Same but different: Assaf Orion, a senior researcher at the Institute for National Security Studies at Tel Aviv University, said that “it’s clear that even though this is a joint operation embarked on together, there are significant differences. In the end, it depends on Trump.” Dan Diker, president of the Jerusalem Center for Security and Foreign Affairs, said that “it is our sense [in Israel] that Trump is on the same page about staying the course,” with goals including “the complete neutering and elimination of the ballistic and nuclear programs as we’ve known them, but also to locate and get rid of the 440 kilograms of highly enriched uranium,” as well as to “assist the regime to collapse and change.” Diker said the differences between the U.S. and Israel are mostly in their political timelines.
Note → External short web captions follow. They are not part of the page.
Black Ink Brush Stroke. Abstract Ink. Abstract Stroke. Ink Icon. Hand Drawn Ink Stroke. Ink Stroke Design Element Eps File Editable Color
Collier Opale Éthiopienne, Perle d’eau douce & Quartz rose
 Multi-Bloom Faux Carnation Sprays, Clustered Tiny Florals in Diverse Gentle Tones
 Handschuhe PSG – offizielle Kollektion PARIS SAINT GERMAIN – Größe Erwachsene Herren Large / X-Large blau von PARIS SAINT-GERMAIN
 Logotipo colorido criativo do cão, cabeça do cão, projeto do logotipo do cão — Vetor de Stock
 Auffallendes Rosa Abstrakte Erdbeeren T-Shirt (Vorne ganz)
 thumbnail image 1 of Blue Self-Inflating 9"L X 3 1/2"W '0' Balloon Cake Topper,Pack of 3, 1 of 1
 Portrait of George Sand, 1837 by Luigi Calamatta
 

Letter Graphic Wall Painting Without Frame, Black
Read the full story here. |
|
|
Mahmoud Khalil, at South By Southwest, says claims of antisemitism are ‘being weaponized’ by Jews |
The anti-Israel campus protest movement is facing “fear and exhaustion” amid the Trump administration’s crackdown, Mahmoud Khalil, who led demonstrations against Israel on Columbia University’s campus in the aftermath of the Oct. 7, 2023, terrorist attacks and the ensuing war in Gaza, said on Sunday at the annual South by Southwest (SXSW) festival in Austin, Texas, Jewish Insider’s Haley Cohen reports. “With the Biden administration, you protest because you feel you can move the needle a little bit,” said Khalil. “But with Trump, it’s like plain tyranny. They would not listen.”
On antisemitism: Khalil, who spoke three days after an attempted terrorist attack at a synagogue in Michigan, noted that “antisemitism is real in this country” and condemned “violence against civilians.” At the same time, he argued that “claims of antisemitism are being weaponized to silence any critique of the U.S. support to Israel.” He spoke in an hourlong conversation “on the cost of dissent,” with The Guardian editor Betsy Reed and Baher Azmy, legal director of the
Center For Constitutional Rights who was a lawyer for Khalil in his ongoing deportation proceedings.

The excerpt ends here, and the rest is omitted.